But if the economy continues to sink and unemployment and other hardships increase, class struggle and even social revolution is in the cards. How it turns out in Brazil, of course, depends on many variable factors-primarily that of leadership.

In this regard, Brazil’s workers have an advantage over most. There are at least two sizeable and influential Trotskyist working class parties in Brazil-the United Socialist Workers Party (PSTU) and Socialist Democracy (DS).

Either one of these revolutionary socialist parties (or it is to be hoped, both joined together) have the capacity to grow into a mass revolutionary workers’ party in the course of the coming social upheavals.
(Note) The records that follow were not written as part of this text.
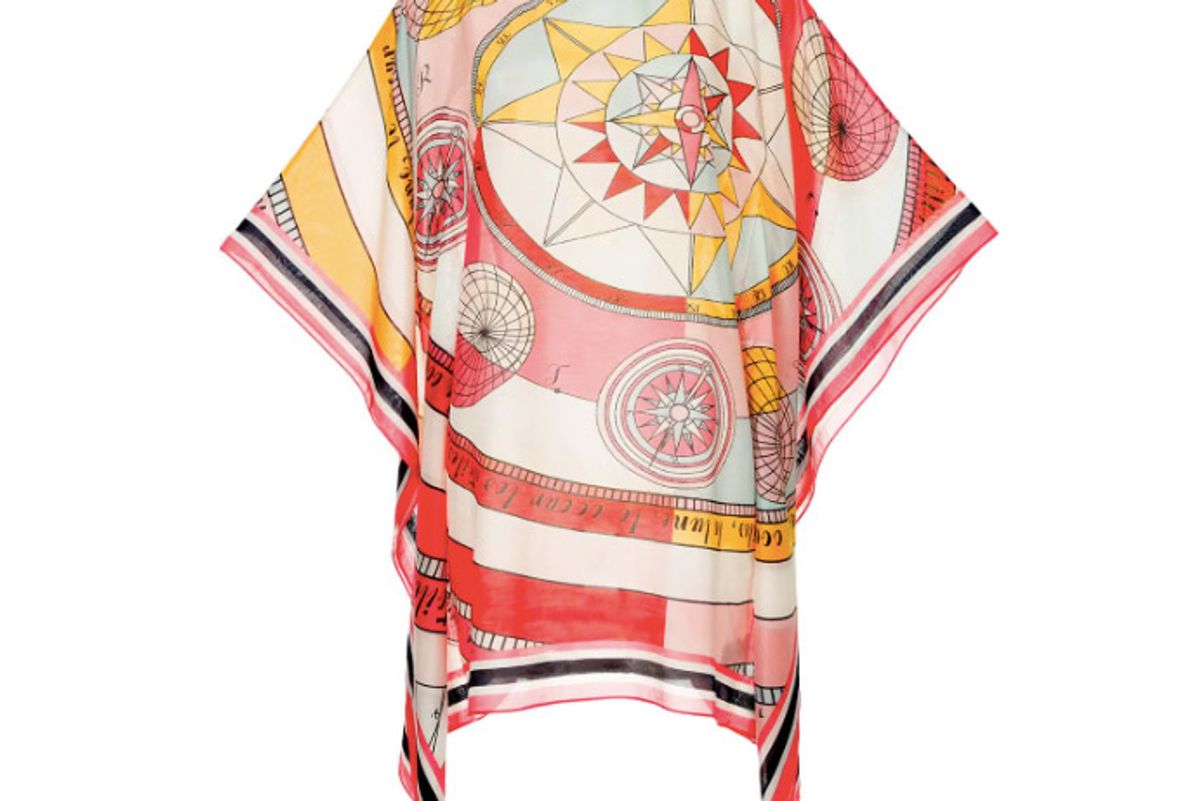 tory burch constellation beach caftan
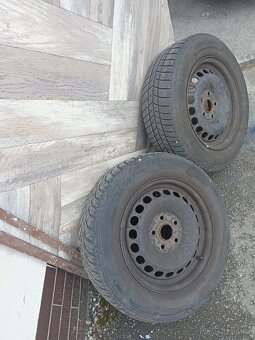 Kola octavia II, 5x112, 195/65/15 - 6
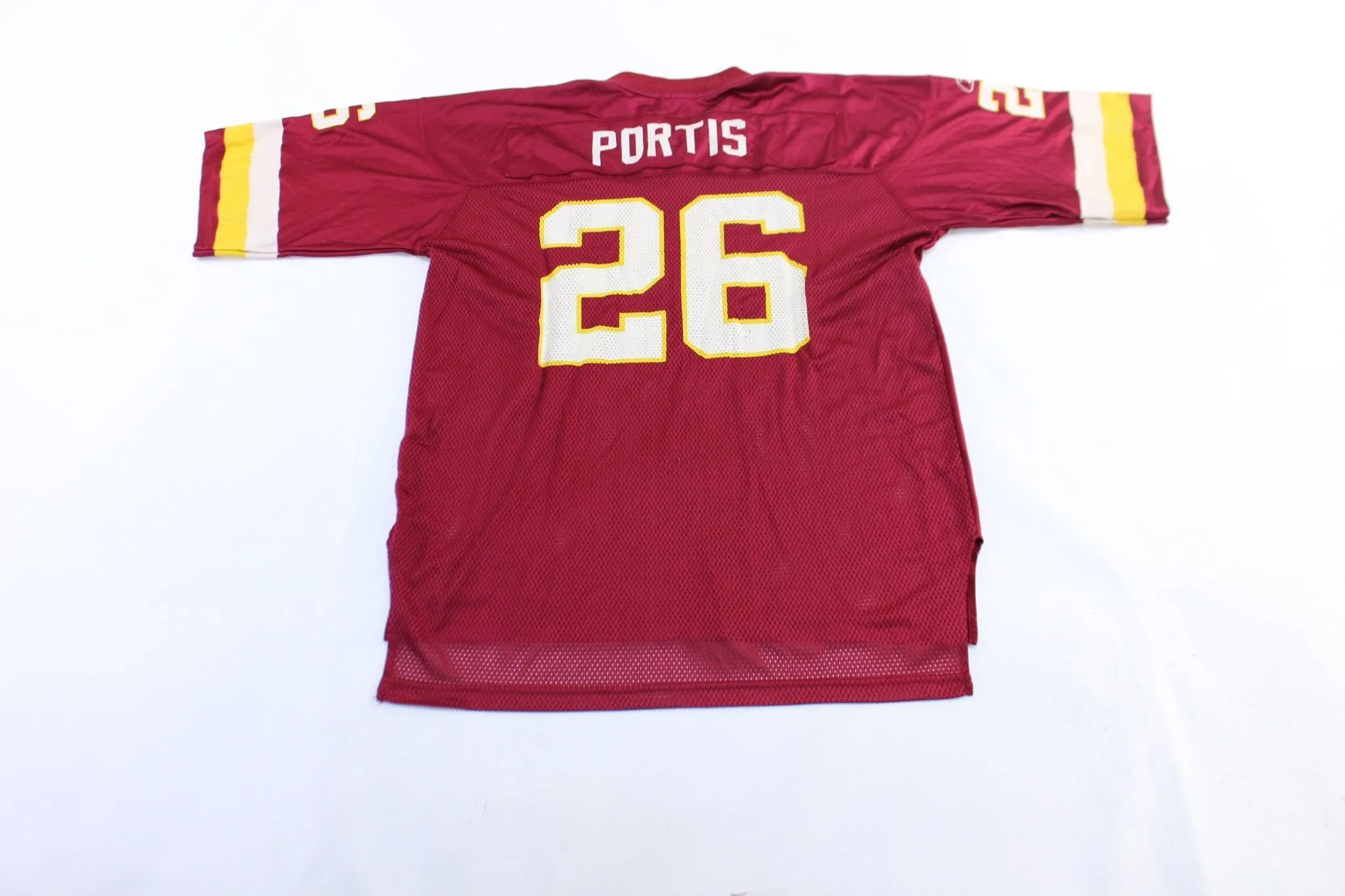 Reebok Logo Washington Redskins Clinton Portis Football Jersey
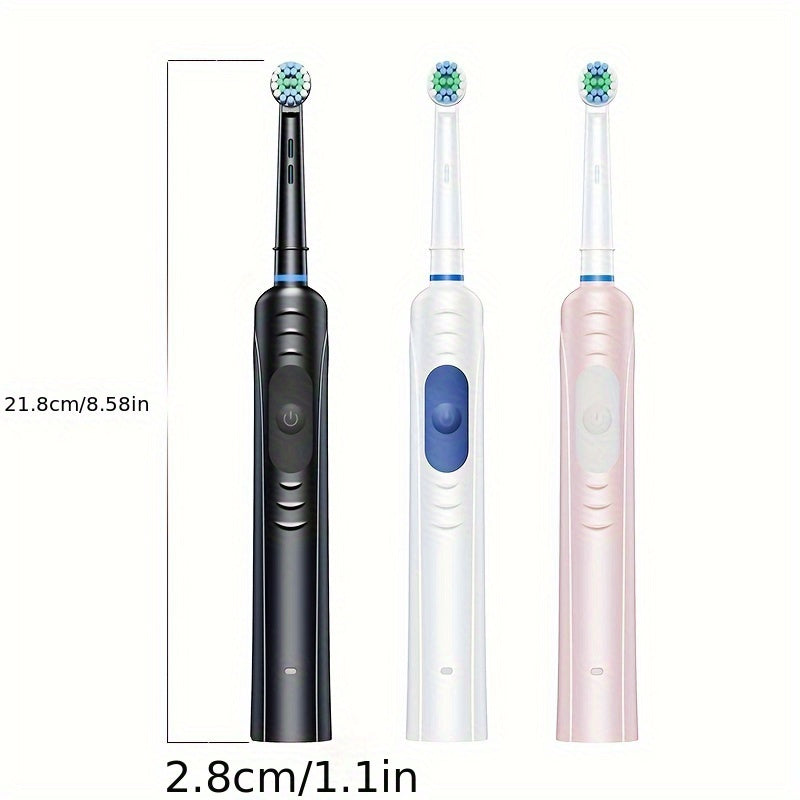 Electric Toothbrush, Adult Rechargeable Fully Automatic Intelligent Toothbrush For Student/Men/Women/Couple, Deep Cleaning Teeth Cleaner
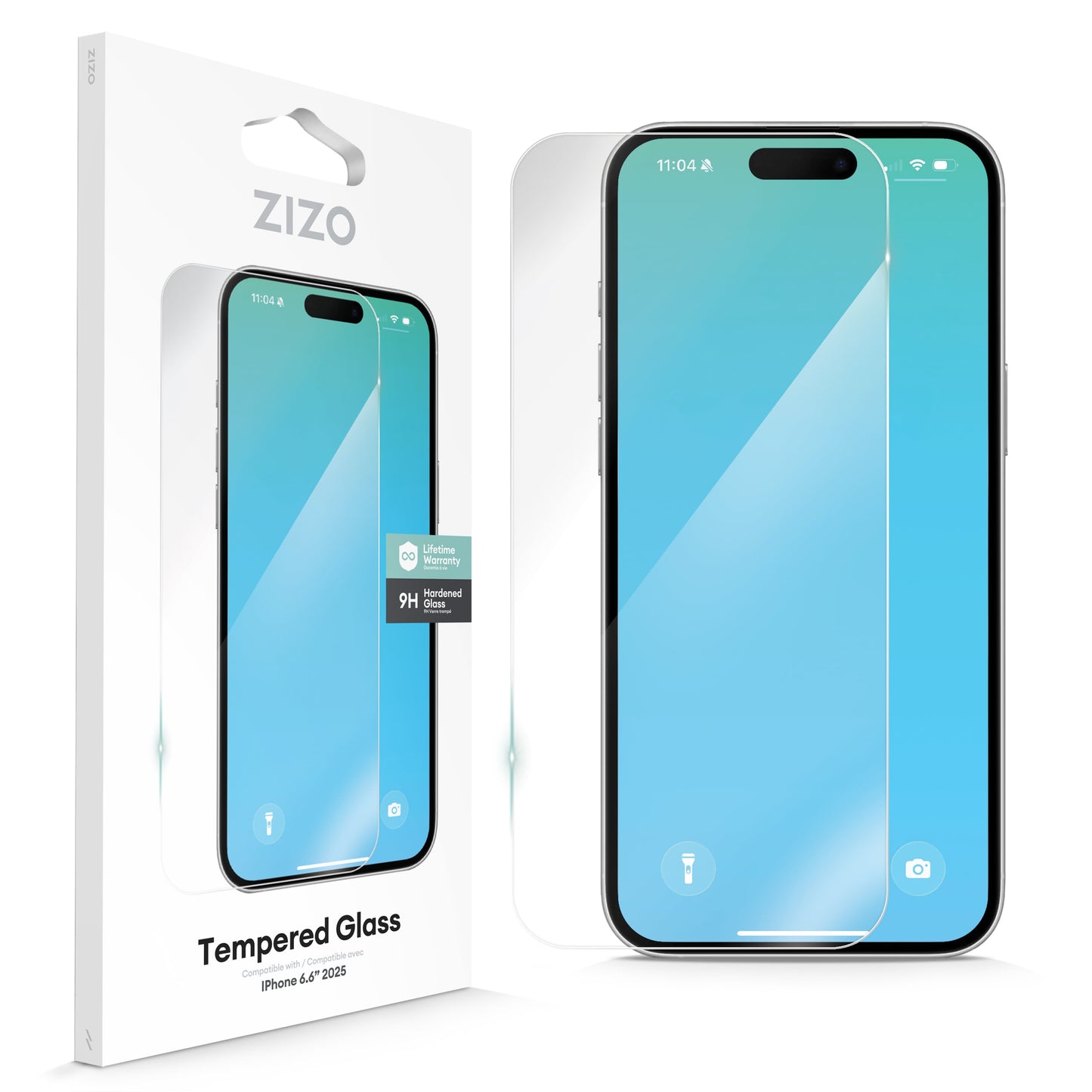 ZIZO TEMPERED GLASS Screen Protector for iPhone Air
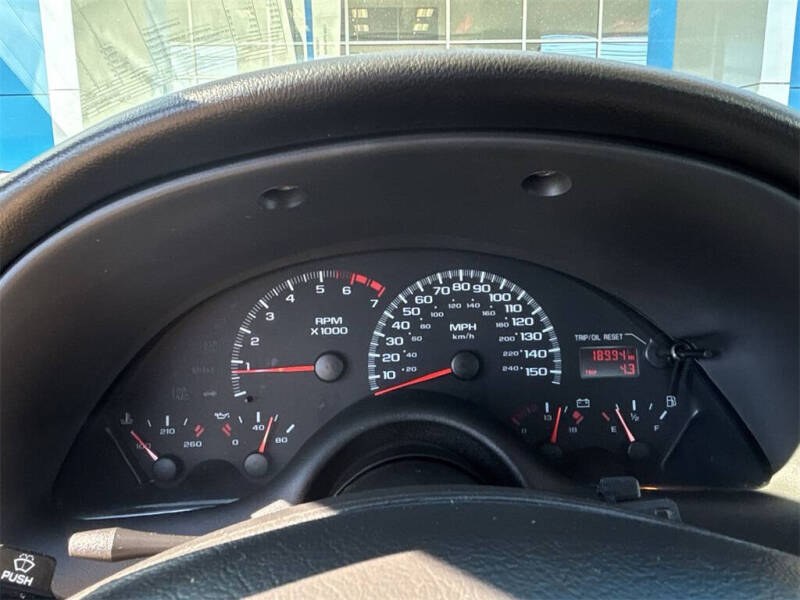 2002 Chevrolet Camaro Z28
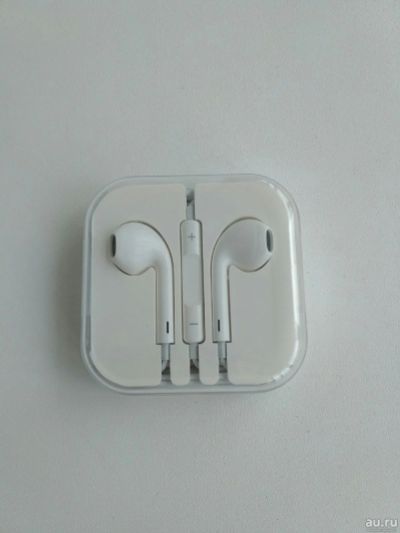 Лот: 17732483. Фото: 1. Наушники Apple Earpods 3.5mm. Красноярск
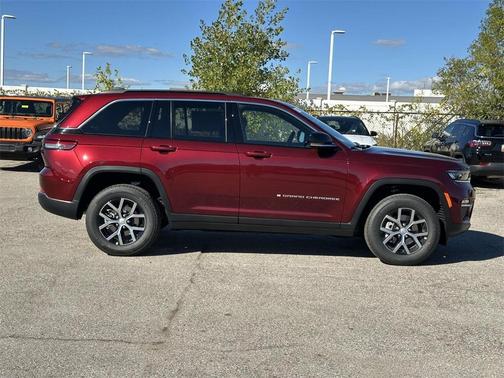 2025 Jeep Grand Cherokee Limited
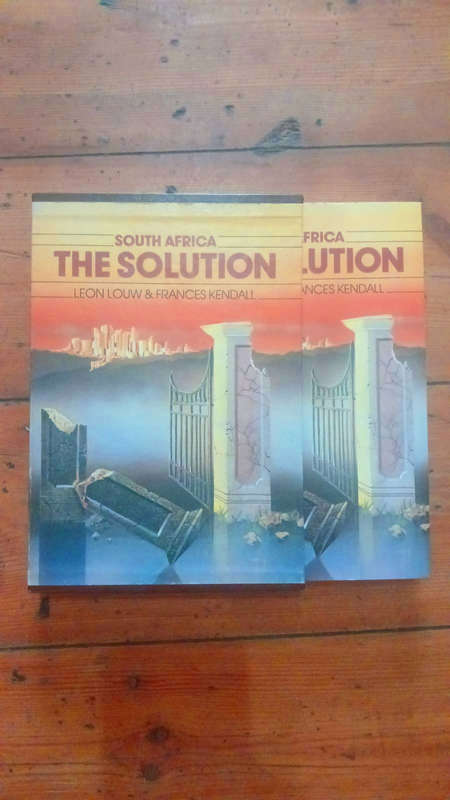 South Africa, The Solution - SIGNED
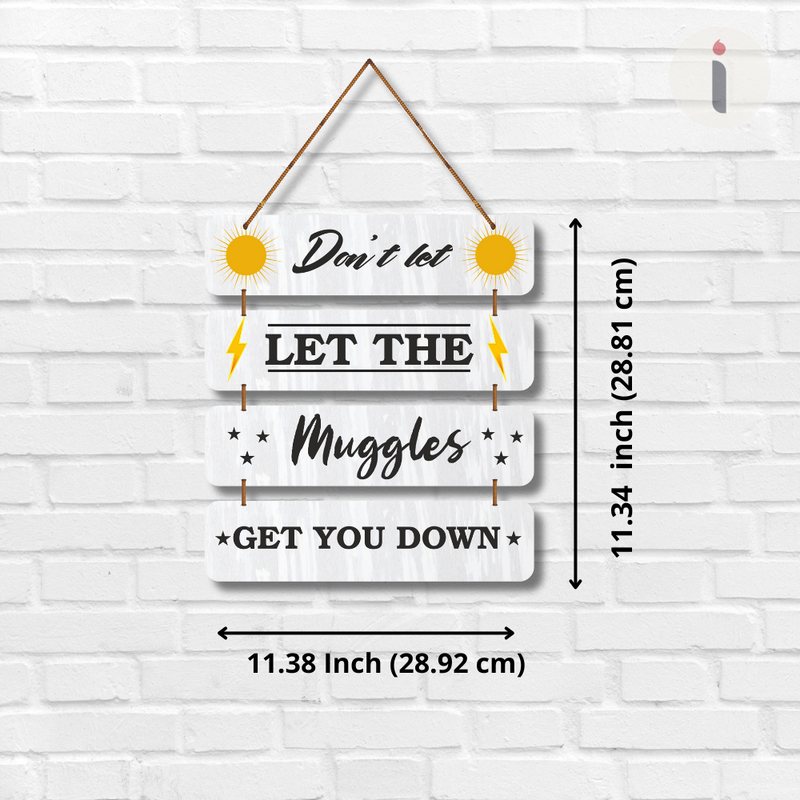 Don’t Let the Muggles Get You Down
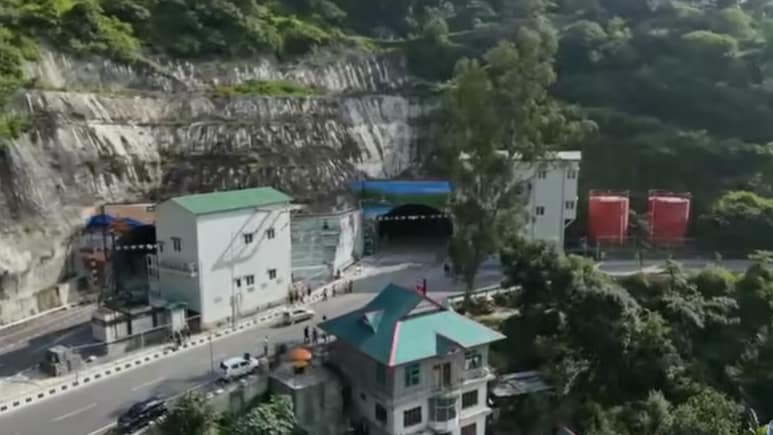 Nitin Gadkari Inaugurates Deod, Hanogi Tunnels In Himachal - Key To Delhi-Manali Route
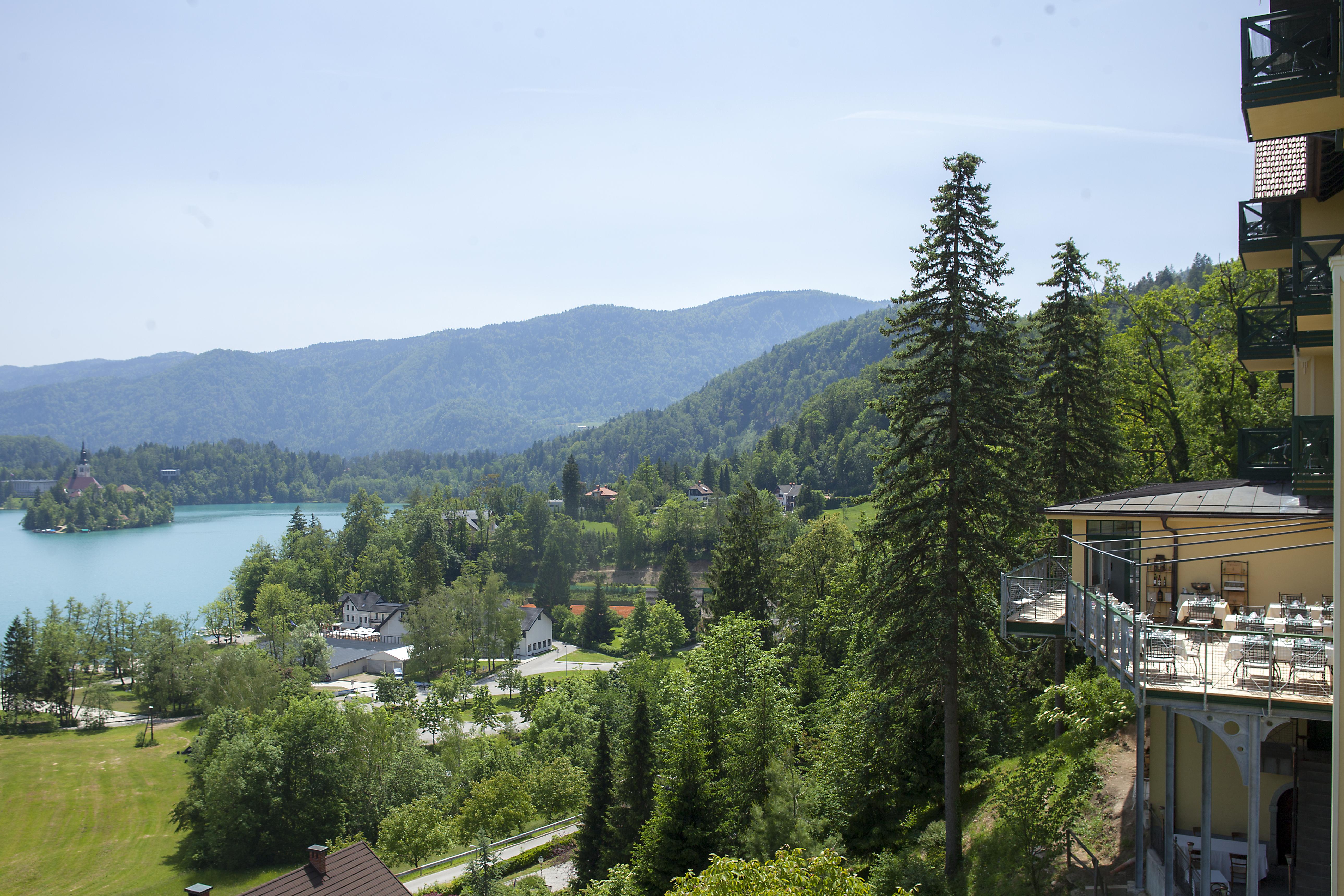 Hotel Triglav Bled Exterior photo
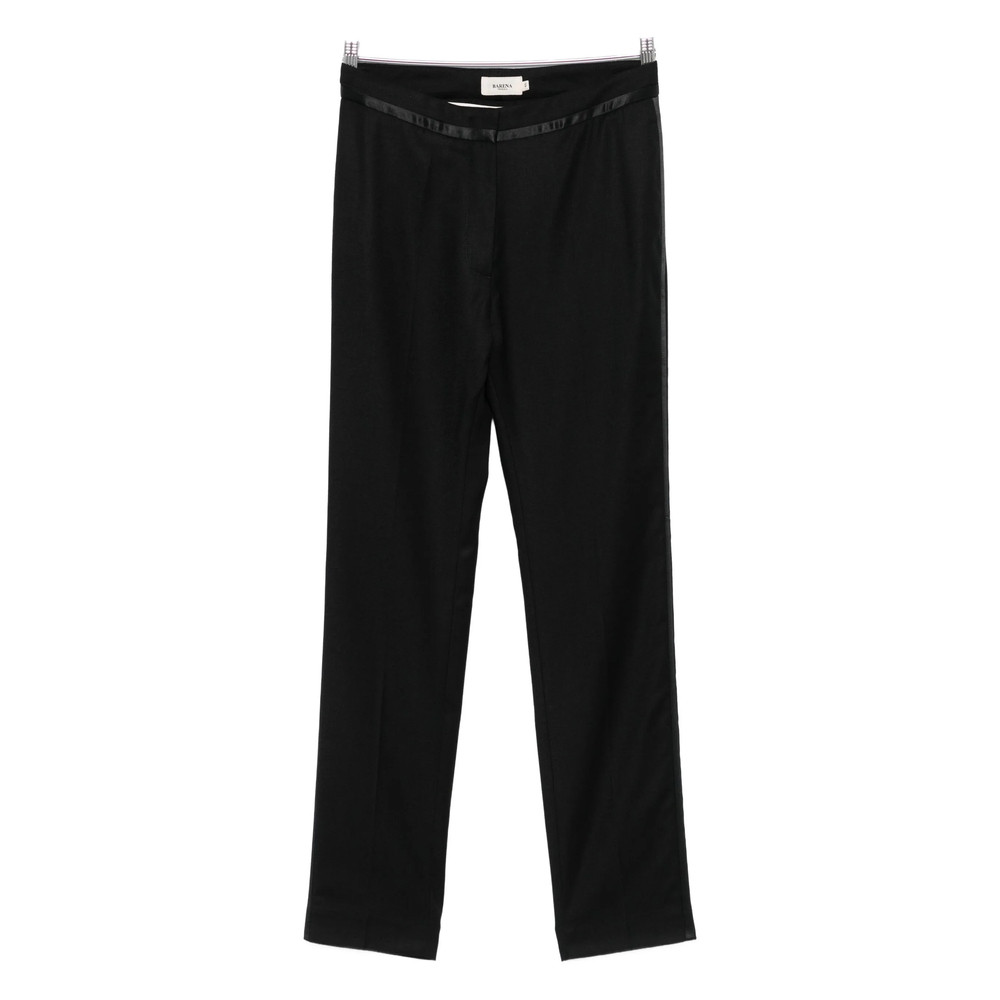 Barena Satin-trimmed Trousers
Of course, success will depend on the very difficult task of applying intelligently and consistently the lessons of working-class successes and failures upon which the social laws of class-struggle strategy and tactics are based.

(Update: The Jan. 30 New York Times reported that the “real tumbled well past the psychological barrier of two to the dollar. The currency, which lost just 7.5 percent of it value last year, has plummeted 43 percent in less than three weeks after the government abandoned its policy of defending the real’s value by purchasing it with dollars in the foreign exchange market.”)

* Before Cardoso was elected president, Brazil’s currency declined as much as 30 to 40 percent per month.

** “Reais” is plural in Portuguese for “real.”